EXERCISE INSTRUCTIONS |
Below are some records. Retype exactly the lines from the one containing "Perfektes Parken: Möglich, aber" through the one containing "Phó Chủ tịch", both included, skipping every picture.

RECORDS SUPPLIED |

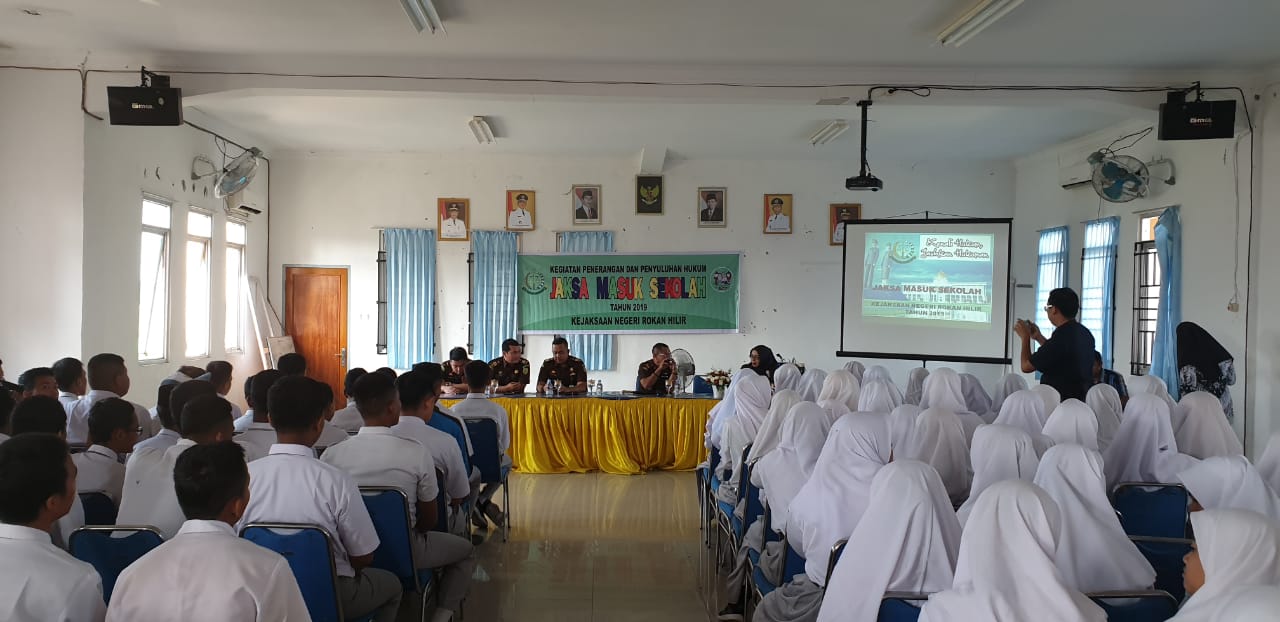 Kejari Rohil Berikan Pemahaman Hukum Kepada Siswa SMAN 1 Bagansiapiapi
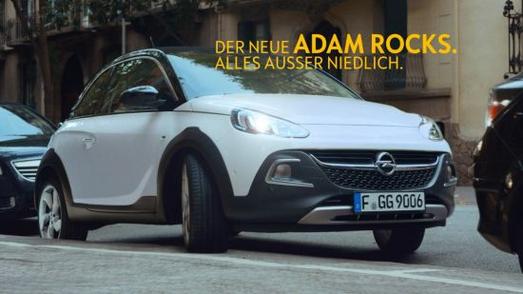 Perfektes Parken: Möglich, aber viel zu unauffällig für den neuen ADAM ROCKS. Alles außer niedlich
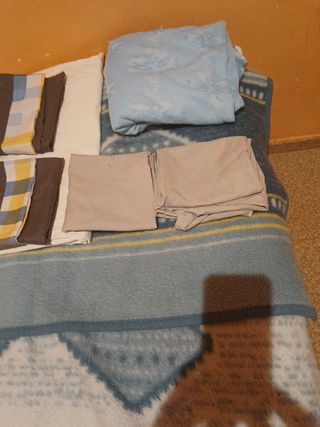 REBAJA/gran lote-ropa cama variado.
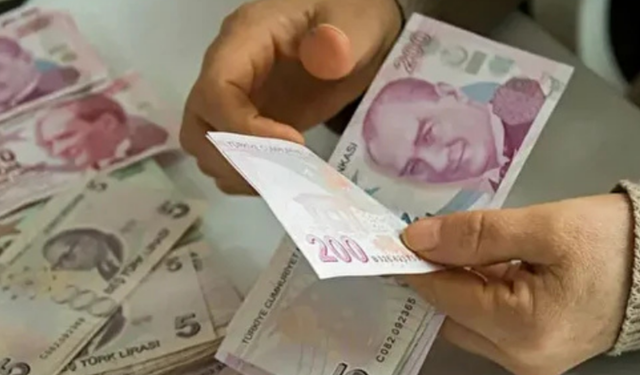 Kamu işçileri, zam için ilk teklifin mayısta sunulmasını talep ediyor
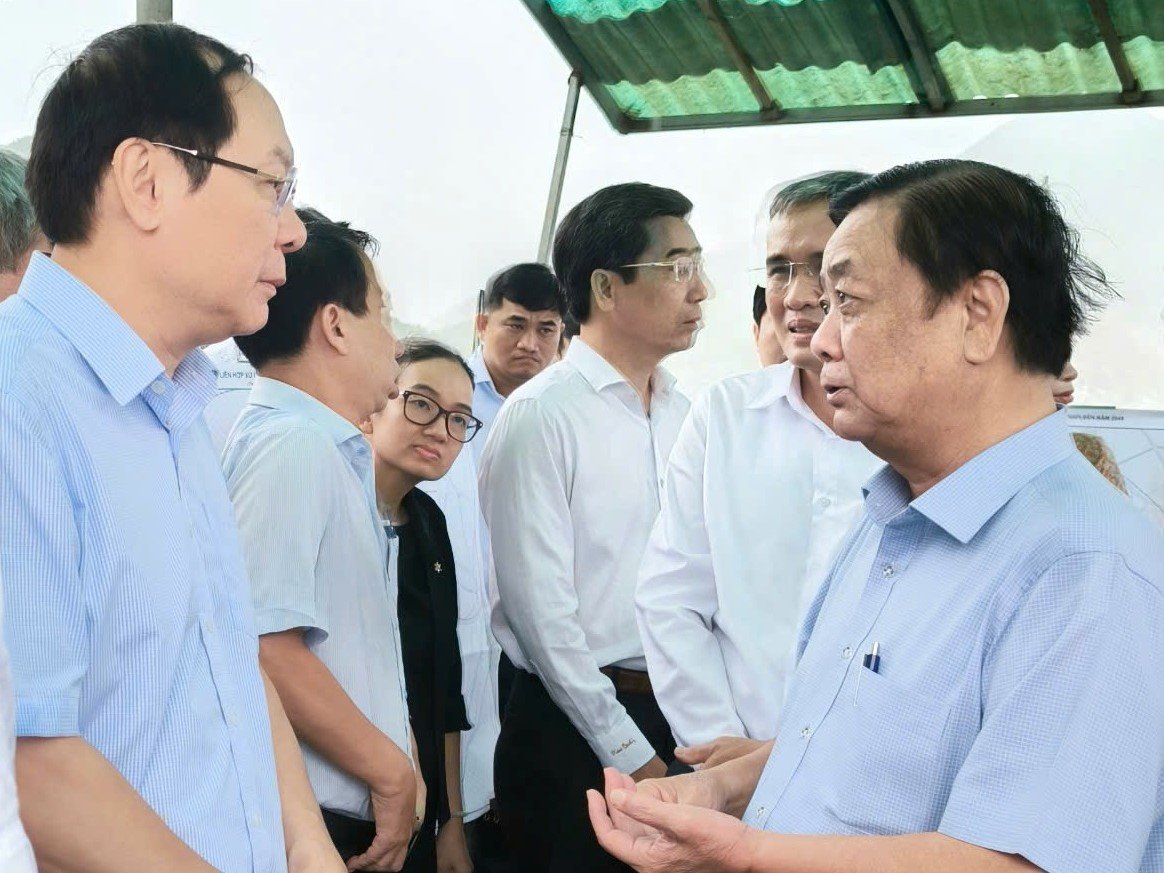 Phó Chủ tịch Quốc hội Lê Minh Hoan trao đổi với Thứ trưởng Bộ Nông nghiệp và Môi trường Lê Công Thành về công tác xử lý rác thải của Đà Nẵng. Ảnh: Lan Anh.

--

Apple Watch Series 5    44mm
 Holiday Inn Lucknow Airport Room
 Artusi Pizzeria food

REPLY TO THE EXERCISE |
 Perfektes Parken: Möglich, aber viel zu unauffällig für den neuen ADAM ROCKS. Alles außer niedlich
 REBAJA/gran lote-ropa cama variado.
 Kamu işçileri, zam için ilk teklifin mayısta sunulmasını talep ediyor
 Phó Chủ tịch Quốc hội Lê Minh Hoan trao đổi với Thứ trưởng Bộ Nông nghiệp và Môi trường Lê Công Thành về công tác xử lý rác thải của Đà Nẵng. Ảnh: Lan Anh.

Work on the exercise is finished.